America’s contempt for black men and boys hasn’t diminished since Trayvon Martin’s death

The police’s aggressive handling of a black teenager in New Jersey was not abnormal — it was part of an age-old pattern of treating black men and boys as threats to be contained.
But it’s not just the country’s policing system that fails to recognize the humanity of black boys. The impulse in the United States to treat them not as children but as bullies, as villains, goes far beyond law enforcement.
On the night of the shooting, Zimmerman, who was a neighborhood watch captain in Sanford, Florida, called 911 on Martin. Zimmerman described the teenager using a label that has long been labeled for black boys: mistrustful. Ignoring police orders not to engage, Zimmerman confronted the teenager. An altercation broke out; Martin was shot.
Zimmerman claimed he acted in self-defense, and he was ultimately acquitted. The case harrowingly illustrates a long American history of weaponizing the principle of self-defense against black men and boys and, more specifically, portraying them as unpredictable aggressors whose every move must be controlled.
A story of dehumanization
To understand this genealogy, let’s go back to the second half of the 19th century.
The NMAAHC further notes that this fearmongering has had a horrific impact on black communities, as reinforcing stereotypes of black men as “animalistic and brutal gave legal authority to white mobs and militias who tortured and killed black men for public safety”.
It should be emphasized that these anti-black narratives and their effects were not limited to the American South; as the NMAAHC puts it, “Newspaper headlines across the country, starting around the turn of the century, document a frenzy of arrests, attempted lynchings, and murders of ‘black bullies’ accused of insulting or attack white women.
While many of these sensationalist stories focused on black men, black boys were also not spared from dehumanizing stereotypes.

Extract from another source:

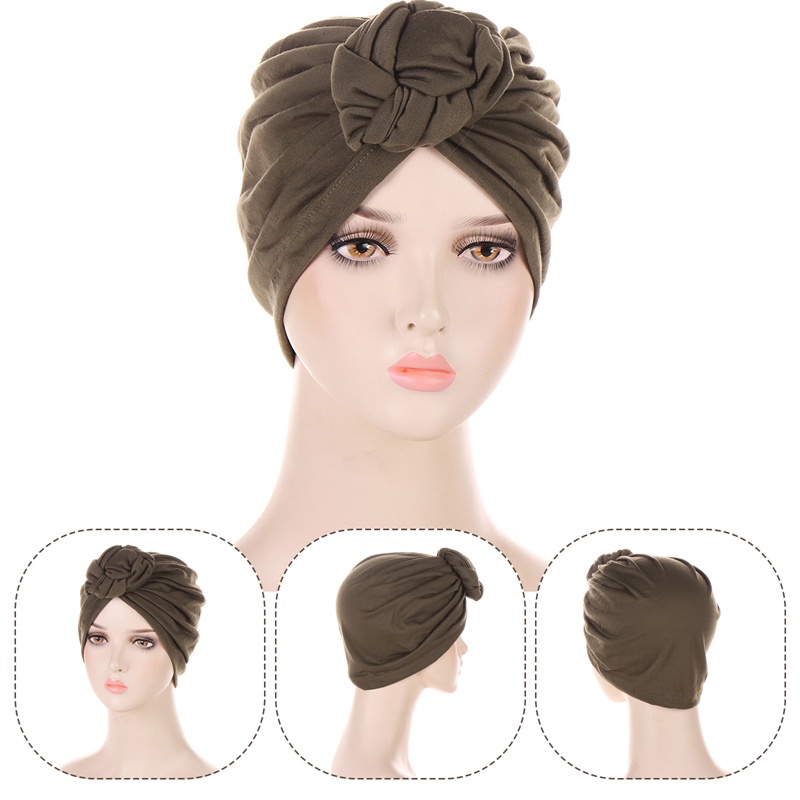 1 Mũ Turban Thắt Nút Trước Họa Tiết Hoa Thời Trang Cho Nữ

Never mind that there was never any evidence to support these theories; the important thing was to plant the idea, to water it with fear and to see the animosity grow.

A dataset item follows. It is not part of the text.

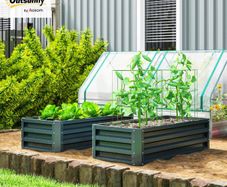 Set of 2 Steel Raised Planter Boxes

History is replete with examples of the sometimes deadly consequences that racist perceptions have for black boys. Perhaps the most infamous example happened in 1955.
An all-white jury acquitted both men not even a month after Till’s swollen and mangled body was recovered from the river.
Till’s story illustrates a larger truth: Black boys are often viewed differently than their white peers simply because of their race.
In clearer terms, black boys aren’t seen as children at all — instead, they’re a threat.
The cycle continues
Although history offers glaring examples, you don’t need to comb through decades past to observe the disdain many Americans have for black men and boys. You can just watch recent headlines.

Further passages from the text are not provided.